● The problem:
Could the listing below be reproduced exactly, minus its pictures?

START Material provided

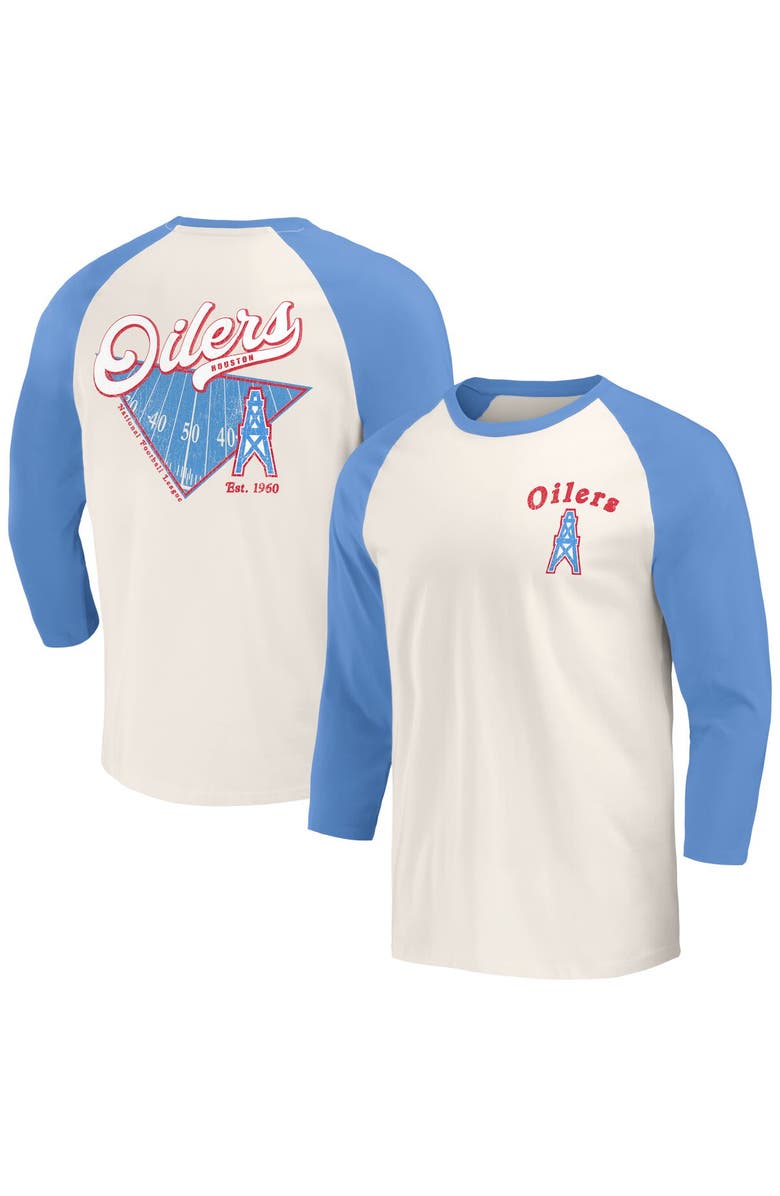 Darius Rucker Collection by Fanatics Men's Darius Rucker Collection by Fanatics Light Blue/White Houston Oilers Gridiron Classics Raglan 3/4 Sleeve T-Shirt, Main, color,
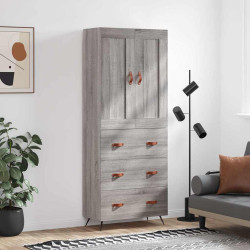 Armário alto 69,5x34x180 cm derivados de madeira sonoma cinza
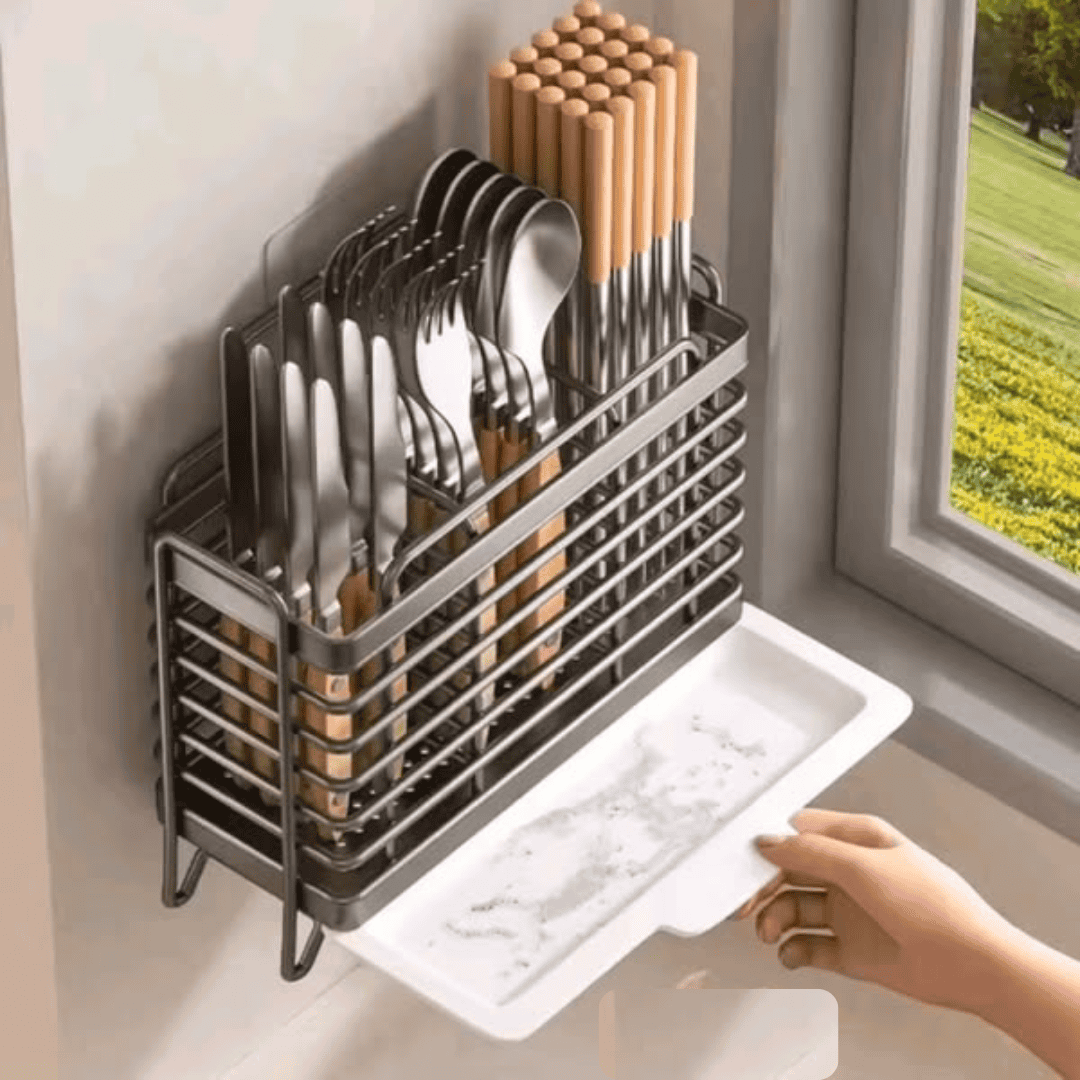 Multifunctional Stainless Steel Cutlery Storage Rack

END Material provided

● Task solution:
 Darius Rucker Collection by Fanatics Men's Darius Rucker Collection by Fanatics Light Blue/White Houston Oilers Gridiron Classics Raglan 3/4 Sleeve T-Shirt, Main, color,
 Armário alto 69,5x34x180 cm derivados de madeira sonoma cinza
 Multifunctional Stainless Steel Cutlery Storage Rack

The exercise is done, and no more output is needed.